On Friday afternoon, I was asked by one of the players in the Buck Trial, a trial of which I think it is fair to say has dragged on far longer than anyone anticipated, if I was going to be back in court when it resumes at the end of next month.
“Yes,” I replied with a weariness that was apparent even to myself.
But, as that elevator went down to the ground floor, it almost seemed like a rhetorical question. After all, we have all been stuck in Courtroom 403 for five straight weeks (with the exception of two days spent in room 404, a courtroom clearly designed on rejected plans for a CNE funhouse). Whether anyone had anything personally riding on the outcome or not, time conspires to create an almost emotional investment in its outcome.
Therefore, my heart sank a little bit on Monday when it became clear dismissing the six member jury would be on the table that week, with a decision likely rendered by Thursday. It wasn’t for the arguments of either the plaintiff or the defendants, but for those six unfortunate souls who had been sharing in the five week ordeal, copiously taking notes, diligently scrutinizing both evidence and witnesses, and keeping wonderful poker faces at some of the colourful flourishes thrown around the courtroom from time to time and from all sides.
It had been fascinating to watch their reactions to those instances and ponder what was going through their minds.
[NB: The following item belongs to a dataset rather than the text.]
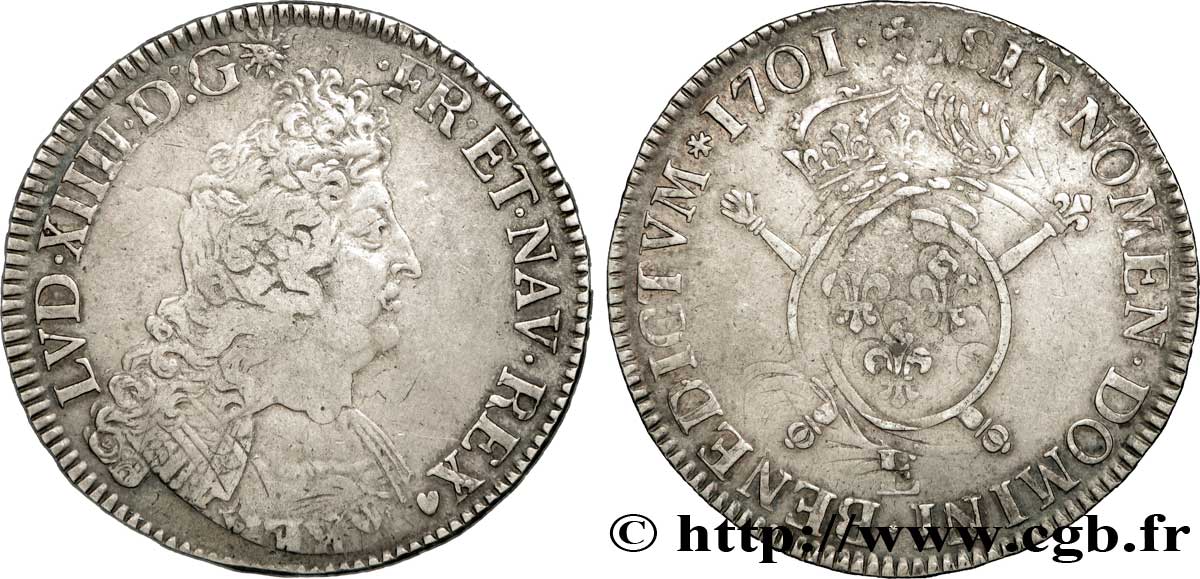 LOUIS XIV LE GRAND OU LE ROI SOLEIL Écu aux insignes 1701 Tours TTB/TB+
Perhaps a barometer was how furiously they were writing, how they were shifting in their chairs, or seeming to get lost in their thoughts for a second considering what might be a key legal point. My own thoughts then turned not only to what was going through their minds, but what kinds of things they weren’t doing.
What would they be doing had they not been holed up in that courtroom keeping a balanced weight on the scales of justice? Would they be working at a desk or out on the road in their chosen field? Would they be tending to someone’s health, or a steady flock of customers looking to complete their Christmas shopping? Teaching kids or waiting for the kids to come home from school?
By week five, despite having my own backstories made up in my mind for each of them, I was nowhere closer to knowing the truth, other than the conclusion I did not go to elementary school with Juror #3 as I originally suspected.
So, when Justice Edwards gave the jury his decision on the jury’s fate after already releasing it to the rest of the courtroom, I was watching closely to see how they took it. Those well-practiced poker faces did not betray any relief or excitement, nor did it reveal any dismay or frustration. It was very impressive. Any springs I may have detected in their respective steps I chalk up purely to wishful thinking.
Personally, if I had been up there for five weeks, missing so much of my own life to any particular case, it would have been highly disheartening not to see it through to the end, although being able to tackle a mounting to-do list would have been a welcome change of pace, particularly at this time of year.
So, with the plaintiff, her family, the six defendants, their respective lawyers, media, and a smattering of curious bystanders released back out into the real world, at least until January 22, it was off to tackle that to-do list in earnest, catching up on work that had, by default, been forced to take a back seat to the case dragging on in Newmarket, taking advantage of valuable writing time, now-rare opportunities to check a few people off my Christmas shopping list and, most important of all, catch a few winks. I’m sure everyone in that courtroom had a remarkably similar list.
So, as this is our last issue of 2013 before returning once again to a nice and fresh New Year, this trial has been a remarkable close to a rather remarkable year. It is a year that has weathered teachers’ strike action, giving students at Aurora High School a valuable lesson in taking their extracurricular activities, particularly when it comes to visual arts into their own hands, brought two visits of the Grey Cup to Aurora, and braved a brass-monkey freezing February 3 to help Aurora officially ring in its 150th anniversary.
From that auspicious start, it has certainly been a year to remember from the highly entertaining and well-executed Aurora Tattoo, followed by three days of merriment during the Canada Day Celebrations – including more people than I have ever seen in Town Park at any one time to catch Lighthouse – and culminating in the extremely soggy, but warm and welcoming Community Cultural Celebration.
Although I was critical about the amount of time it took Council to get their respective ducks in a row (before they bantered back and forth about which end of the proverbial horse the proverbial cart should be placed) and strike a group to plan a birthday bash, the committee members rose to the challenge.
And they surmounted just about every unexpected issue they found in their way.
I hope that Council pays heed to some of the Committee’s recent recommendations to use a healthy portion of their leftover funds to create a legacy, a legacy which can rejuvenate itself and flourish as a lasting testament to this special year for future generations.
With that, I bid you a safe and warm Holiday season, and a happy and healthy 2014. See you in January!